Domestic team information
- 1954-55 to 1955-56: Canterbury

Career statistics
| Competition | First-class |
| Matches | 5 |
| Runs scored | 37 |
| Batting average | 5.28 |
| 100s/50s | 0/0 |
| Top score | 15 not out |
| Balls bowled | 748 |
| Wickets | 11 |
| Bowling average | 33.36 |
| 5 wickets in innings | 0 |
| 10 wickets in match | 0 |
| Best bowling | 3/84 |
| Catches/stumpings | 1/– |
- Source: Cricinfo, 12 June 2020

= Noel Dellow =

New Zealand cricketer (1929–2021)

Harold Noel Dellow (14 February 1929 – 1 September 2021) was a New Zealand cricketer who played five matches of first-class cricket for Canterbury between early 1955 and early 1956.

==Life and career==
Born in Ashburton, Noel Dellow was a medium-pace bowler.
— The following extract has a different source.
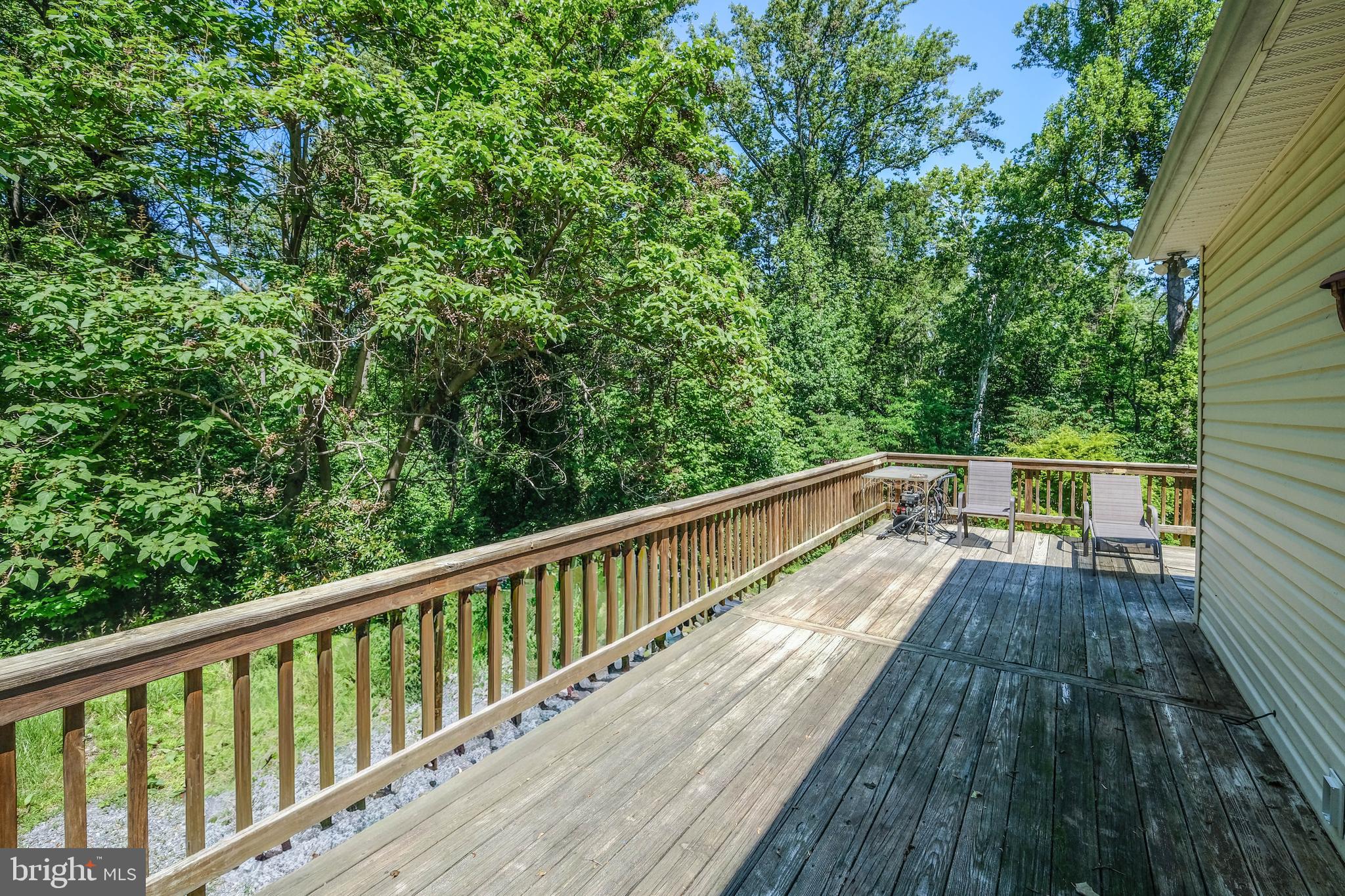 1195 Shangri-La Road Bentonville, VA 22610 - Photo 14 of 64 a view of balcony with wooden floor and fence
His best first-class batting and bowling performances came in the first innings of the Plunket Shield match against Auckland in 1955–56, when he took 3 for 84 opening the bowling and then scored 15 not out at number 11.

Dellow spent most of his life in South Canterbury. Playing for a South Island Minor Associations XI against the touring Australian team in 1959–60, he took 5 for 63 off 30 overs, although he was unable to prevent an innings defeat. He later served as executive director of the South Canterbury Cricket Association and was awarded life membership of the association.

Dellow worked as a chartered accountant in Timaru. He lived in retirement in Timaru, and died there on 1 September 2021.